Task instructions: How do the lines below between the ones holding "mueble cercano a" and "un cariñoso roce de cara contra cara.", inclusive, read? Give them again exactly, with no other lines.

Data records:
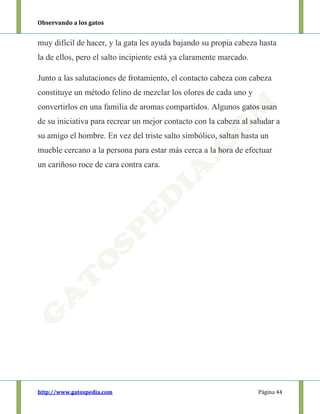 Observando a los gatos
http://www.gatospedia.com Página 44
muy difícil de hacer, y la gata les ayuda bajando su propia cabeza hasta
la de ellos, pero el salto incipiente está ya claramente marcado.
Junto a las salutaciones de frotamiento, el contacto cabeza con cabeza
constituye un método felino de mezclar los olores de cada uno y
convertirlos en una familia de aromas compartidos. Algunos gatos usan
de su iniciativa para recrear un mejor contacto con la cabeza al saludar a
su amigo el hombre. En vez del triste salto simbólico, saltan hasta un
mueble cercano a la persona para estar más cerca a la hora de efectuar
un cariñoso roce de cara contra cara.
* * *
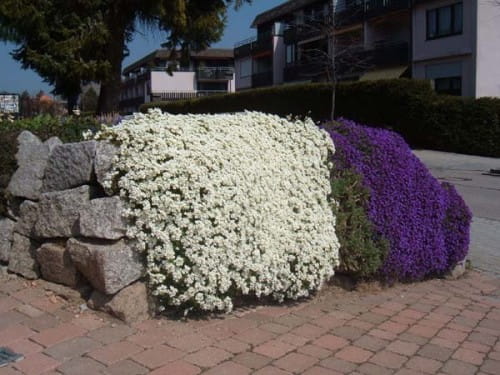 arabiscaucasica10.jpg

Output of the task:
mueble cercano a la persona para estar más cerca a la hora de efectuar
un cariñoso roce de cara contra cara.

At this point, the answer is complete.